If the upstream serves responseA and sends connection: close, we won't reassign to B. If upstream serves responseA and sends an immediate fin there's a chance we'll pick up the FIN before the connection is reused, but there is an inherent race condition where the TCP FIN can be delayed on the network and B be received after B has sent headers on that connection. There's not much you can do about that but 1) try to have backends which will send connection: close as you're supposed to do and 2) have retries on so B would try again.

jbohanon commented 1 year ago

@alyssawilk and @kyessenov thank you for these explanations. I see the complication in the race you described. We are okay with using retries, injecting Connection: Close headers into the upstream request, and/or (ideally) fixing the upstream server's behavior.

I do still think that this behavior could be improved if there's a reliable way to detect and identify this event at runtime, but we are no longer blocked on it.

github-actions[bot] commented 1 year ago

This issue has been automatically marked as stale because it has not had activity in the last 30 days. It will be closed in the next 7 days unless it is tagged "help wanted" or "no stalebot" or other activity occurs.
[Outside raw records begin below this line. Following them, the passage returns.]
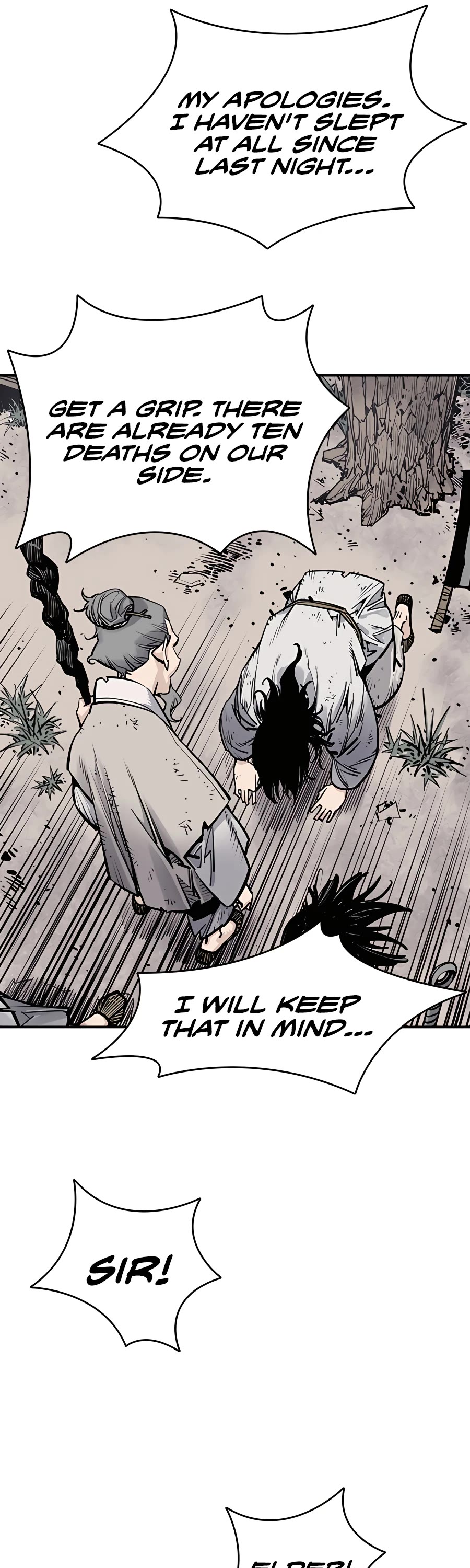 Death God Chapter 9 page 25 - Chapter 9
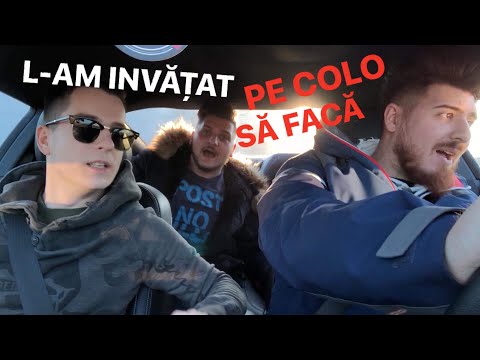 #136 Car vLog - L-AM INVATAT PE COLO CUM SA FACA DRIFT!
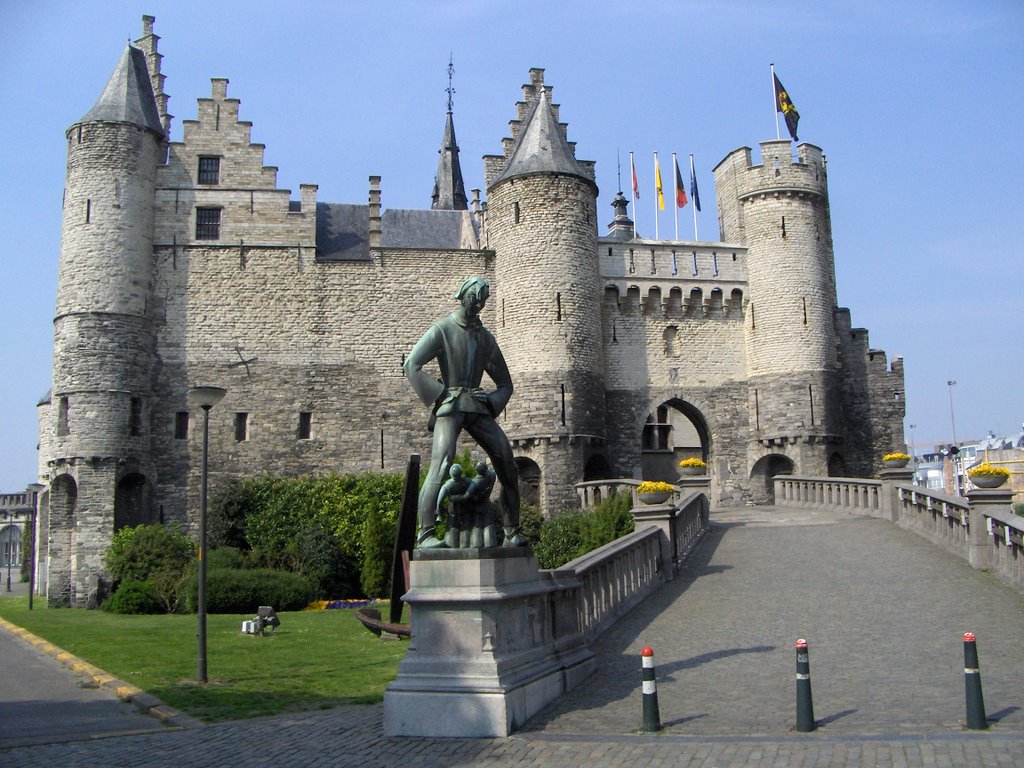 Het Steen - Antwerpen, Belgium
Thank you for your contributions.

github-actions[bot] commented 1 year ago

This issue has been automatically closed because it has not had activity in the last 37 days. If this issue is still valid, please ping a maintainer and ask them to label it as "help wanted" or "no stalebot". Thank you for your contributions.

triplewy commented 1 year ago

It seems that configuring retries does not work for this scenario as I consistently encounter 60 second response times with upstream_reset_before_response_started{connection_termination} even though upstream per-try timeout is set to 5 seconds and upstream timeout is set to 15 seconds.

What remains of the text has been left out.